Exclu, Languirand le sera aussi par rapport à son propre pays, car ce théâtre métaphysique, obsédé par l'angoisse et la mort, écrit en français de France, reste étranger à la réalité québécoise. Son échec est dû à un double anachronisme, comme M. Genuist le souligne à propos de la défaite cuisante que Les Violons de l'automne ont connue à Paris en 1963: 'Il est ironique que Languirand n'ait guère eu de succès, au Québec, Parce qu'il arrivait trop tôt et à contre-courant, et que Paris l'ait rejeté parce que, cette fois, il arrivait trop tard' (p 114).

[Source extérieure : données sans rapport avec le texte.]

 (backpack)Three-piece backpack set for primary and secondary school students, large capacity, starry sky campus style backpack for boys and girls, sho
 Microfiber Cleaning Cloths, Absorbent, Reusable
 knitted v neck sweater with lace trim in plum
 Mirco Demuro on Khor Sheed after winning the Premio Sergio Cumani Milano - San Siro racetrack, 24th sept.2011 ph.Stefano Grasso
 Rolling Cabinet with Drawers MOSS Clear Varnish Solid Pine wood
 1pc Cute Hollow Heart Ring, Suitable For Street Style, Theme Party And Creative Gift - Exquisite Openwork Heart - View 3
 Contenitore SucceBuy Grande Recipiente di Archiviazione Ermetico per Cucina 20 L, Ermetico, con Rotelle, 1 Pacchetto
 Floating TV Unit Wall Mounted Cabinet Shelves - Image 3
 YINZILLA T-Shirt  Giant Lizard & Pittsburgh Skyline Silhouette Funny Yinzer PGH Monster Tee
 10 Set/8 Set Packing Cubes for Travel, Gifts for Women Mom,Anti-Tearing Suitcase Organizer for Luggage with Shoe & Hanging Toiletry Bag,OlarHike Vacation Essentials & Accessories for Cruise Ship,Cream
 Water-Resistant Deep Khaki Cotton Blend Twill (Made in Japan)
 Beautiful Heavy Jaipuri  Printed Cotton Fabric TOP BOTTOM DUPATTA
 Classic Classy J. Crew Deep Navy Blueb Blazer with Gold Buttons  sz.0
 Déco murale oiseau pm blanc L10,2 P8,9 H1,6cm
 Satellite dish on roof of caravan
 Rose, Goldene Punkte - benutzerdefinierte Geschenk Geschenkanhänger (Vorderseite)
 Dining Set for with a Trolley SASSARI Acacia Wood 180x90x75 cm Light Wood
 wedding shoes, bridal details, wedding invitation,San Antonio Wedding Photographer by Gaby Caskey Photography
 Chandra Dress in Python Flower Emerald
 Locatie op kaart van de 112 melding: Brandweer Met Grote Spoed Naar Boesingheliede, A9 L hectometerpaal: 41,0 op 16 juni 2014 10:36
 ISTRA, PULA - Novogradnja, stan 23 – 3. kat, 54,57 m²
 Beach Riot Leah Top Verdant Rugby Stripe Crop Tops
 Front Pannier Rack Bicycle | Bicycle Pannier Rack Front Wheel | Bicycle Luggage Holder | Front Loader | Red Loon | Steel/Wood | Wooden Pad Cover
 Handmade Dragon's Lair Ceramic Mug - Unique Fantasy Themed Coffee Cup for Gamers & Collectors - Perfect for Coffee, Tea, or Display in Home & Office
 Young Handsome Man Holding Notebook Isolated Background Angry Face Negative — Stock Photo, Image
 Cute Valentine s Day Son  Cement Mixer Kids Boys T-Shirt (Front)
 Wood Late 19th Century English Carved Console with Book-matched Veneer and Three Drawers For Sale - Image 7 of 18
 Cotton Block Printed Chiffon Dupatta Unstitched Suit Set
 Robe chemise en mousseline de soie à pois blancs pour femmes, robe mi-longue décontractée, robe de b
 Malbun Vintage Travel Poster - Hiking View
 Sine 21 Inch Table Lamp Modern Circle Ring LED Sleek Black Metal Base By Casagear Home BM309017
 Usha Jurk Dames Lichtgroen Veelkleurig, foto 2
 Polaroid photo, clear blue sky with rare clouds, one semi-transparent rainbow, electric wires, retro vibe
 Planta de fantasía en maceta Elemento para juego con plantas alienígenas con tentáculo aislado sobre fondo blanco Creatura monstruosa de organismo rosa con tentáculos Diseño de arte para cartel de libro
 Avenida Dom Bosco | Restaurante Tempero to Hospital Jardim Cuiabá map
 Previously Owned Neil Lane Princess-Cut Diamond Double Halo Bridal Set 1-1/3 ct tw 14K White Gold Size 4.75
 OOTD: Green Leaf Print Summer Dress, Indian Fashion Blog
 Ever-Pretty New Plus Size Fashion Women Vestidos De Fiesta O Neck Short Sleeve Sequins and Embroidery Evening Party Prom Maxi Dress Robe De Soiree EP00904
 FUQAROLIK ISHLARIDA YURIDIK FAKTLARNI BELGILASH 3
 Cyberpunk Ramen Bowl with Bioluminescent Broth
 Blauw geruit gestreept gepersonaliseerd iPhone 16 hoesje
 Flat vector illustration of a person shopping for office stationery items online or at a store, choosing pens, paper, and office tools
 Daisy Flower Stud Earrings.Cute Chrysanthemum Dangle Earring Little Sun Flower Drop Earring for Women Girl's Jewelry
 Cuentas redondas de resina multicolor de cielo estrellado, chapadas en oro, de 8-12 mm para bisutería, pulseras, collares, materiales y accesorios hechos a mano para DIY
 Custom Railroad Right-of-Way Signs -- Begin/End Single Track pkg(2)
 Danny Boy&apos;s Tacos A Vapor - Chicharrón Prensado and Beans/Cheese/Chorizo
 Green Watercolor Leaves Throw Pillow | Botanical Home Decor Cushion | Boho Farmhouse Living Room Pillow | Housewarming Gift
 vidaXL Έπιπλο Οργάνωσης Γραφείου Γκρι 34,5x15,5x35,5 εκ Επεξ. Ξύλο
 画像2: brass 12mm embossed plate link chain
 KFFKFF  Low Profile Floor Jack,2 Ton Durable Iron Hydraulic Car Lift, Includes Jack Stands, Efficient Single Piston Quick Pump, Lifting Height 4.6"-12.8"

Les chapitres Il à VII, consacrés aux pièces Le Roi ivre, Les Grands départs, Diogène, L'Ecole du rire, Le Gibet, Les Violons de l'automne, Les Cloisons, sont autant de variations sur les mêmes thèmes: face à l'angoisse, les personnages ont recours à la cruauté, à la lucidité, à l'amour et même à la sainteté pour combler leur vide insupportable. Ainsi, après Les Cloisons, illustration dramatique de l'incommunicabilité dans le couple, l'auteur conclut que 'le cycle est bouclé, de la solitude fantasque des Insolites à la solitude nue de ce dernier couple. Le théâtre de l'absurde forme une suite de cercles concentriques qui s'enroulent et se ferment sur eux-mêmes' (p 131). Le huitième et dernier chapitre est consacré à un roman, Tout compte fait, publié en 1963 à Paris, qui, selon M. Genuist, apporte le bilan de la période 1956 à 1963, tout en annonçant le passage de Languirand de l'absurde à une vision chrétienne et mystique du monde, à une 'rage de vivre' qui amènera l'auteur au désir de construire et de sauver le monde, sous l'influence de la pensée ésotérique. Ainsi, les personnages de son théâtre, caractérisés par l'absence d'une conscience sociale, peuvent être envisagés comme 'la représentation involontaire d'une société malade et pourrie' (p 143) qu'il s'agit maintenant de sauver par la communication de la vérité (ésotérique) découverte entre temps par l'auteur.

Une telle volte-face engage M. Genuist à conclure que ce théâtre de l'absurde n'était qu'une expérience provisoire de l'auteur, un 'accident de parcours' incapable d'exprimer ses convictions fondamentales, qui elles, auraient trouvé leur épanouissement dans la pensée ésotérique. Selon l'autocritique du dramaturge, l'échec relatif de son théâtre s'explique par son incapacité d'écrire dans un langage populaire québécois et par le manque d'épaisseur humaine de ses personnages, dû à sa jeunesse et à son inexpérience de la vie. Et l'auteur de conclure: 'j'aurais pu faire un bon homme de théâtre. C'est finalement la grande frustration de ma vie' (p 176). On peut, en effet, se demander comment construire un monde dramatique convaincant sur l'accidentel, sur un demi-engagement dans l'absurde. Cet échec ne tient-il pas avant tout à l'ambigifité de l'auteur qui, influencé largement par une esthétique étrangère, écrit pour un public québécois dont il n'arrive pas à parler la langue, et emprunte une vision du monde étrangère dont il se dégagera après quelques expérimentations cocasses? Ainsi, le manque d'épaisseur des personnages pourrait s'expliquer non pas par la jeunesse de l'auteur mais par son manque de conviction à l'égard de son univers dramatique. Enfin, il faut se demander si l'itinéraire de Languirand va de l'erreur à la vérité ou de la lucidité à la mauvaise foi ... Par ailleurs, il serait passionnant de savoir pourquoi le théâtre de l'absurde, resté une tentative isolée avec Languirand, ne peut pas ou n'a pas pu s'acclimater à l'univers québécois. Est-ce dû à une différence de public? Languirand n'aurait-il pas su créer le sien?